Teater Syahid menggelar garapan besar bertema Makan!. Pementasan menyoroti fenomena kelangkaan makanan dan kesenjangan sosial imbas dari krisis iklim.
Unit Kegiatan Mahasiswa (UKM) Teater melangsungkan pementasan Garapan Besar “Makan!” yang merupakan ide karya Ridho Hafiedz dan sutradara Abdul Sahri Wiji Asmoko. Pementasan berlangsung Jumat (4/10) hingga Minggu (6/10) di Hall Student Center (SC) Universitas Islam Negeri (UIN) Syarif Hidayatullah Jakarta.

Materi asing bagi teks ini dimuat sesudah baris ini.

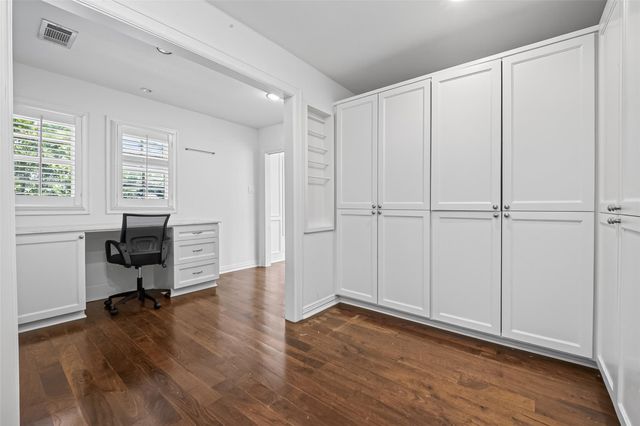 2127 Milford Street, Houston, TX 77098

Pertunjukan “Makan!” berfokus pada fenomena krisis pangan yang diakibatkan oleh perubahan iklim ekstrem. Untuk mengatasi permasalahan tersebut, pemerintah menginisiasi program seperti Food Estate untuk mengatasi kelangkaan makanan. Seorang aktivis bernama Mukhsin mendapatkan undangan untuk menghadiri jamuan makan terakhir. Namun, ia beranggapan program tersebut hanya menguntungkan pihak elit. Benar saja, muncul konflik atas hal tersebut.
Sutradara Abdul Sahri Wiji Asmoko menjelaskan, ide dari tema Makan! berawal dari isu yang sangat dekat dengan kehidupan, yakni kesenjangan sosial. Meskipun kesenjangan sosial sudah sering diangkat, lanjut Sahri, Teater Syahid mengemas melalui sudut pandang makanan.
“Karena saya melihat dari makanan ini bisa muncul banyak hal, termasuk egosentrisme. Ketika seseorang merasa berhak atas lebih banyak atau makanan yang lebih baik, itu bisa menjadi awal dari konflik, bahkan kematian,” katanya, Jumat (4/10).
Judul pertunjukan Makan!, ungkap Sahri, bukanlah ajakan untuk makan, tapi sebuah peringatan. Peringatan ini bisa bermakna kelangkaan makanan atau keadaan yang mengharuskan makan apa adanya. “Bagi saya, yang menarik adalah perbedaan persepsi penonton yang mungkin muncul dari judul itu. Saya ingin memberi kebebasan bagi mereka untuk menafsirkan sendiri makna dari apa yang mereka tonton,” lanjut Sahri.
Menurut Sahri, makanan itu lebih dari sekadar sesuatu yang kita makan untuk bertahan hidup. Dari proses pembuatannya, banyak hal yang bersinggungan dengan masalah sosial dan lingkungan. Misalnya, produksi pangan industri besar bisa memicu gas rumah kaca dan pembusukan bahan pangan yang merugikan. Akibatnya, muncul krisis iklim dan kelangkaan makanan.
Panggung pertunjukkan juga dihiasi dengan alat yang atraktif seperti pencahayaan, musik, dan properti pendukung. Penonton berasal dari berbagai kalangan, mulai dari mahasiswa hingga masyarakat umum.
Sebagai penonton, Muhammad Ridho mengungkapkan, pertunjukan ini sangat berkesan. Menurutnya, tema ini cukup lekat dengan krisis pangan di Indonesia dan berhasil menangkap keresahan masyarakat mengenai krisis yang semakin terasa di Indonesia.
Sementara itu, Zara, penonton lainnya, menyoroti pesan kuat yang disampaikan oleh pertunjukan tersebut. Menurutnya, teater ini mampu merefleksikan keadaan sosial yang terjadi di sekitar dan memberikan dorongan untuk lebih peka terhadap isu-isu sosial.
“Keren sih, terus pesannya mendalam juga tentang orang-orang besar yang serakah. Apalagi sekarang itu lagi banyak rakyat menengah yang dimiskinkan, terus yang miskin malah makin dimiskinkan,” tutur Zara, Jumat (4/10).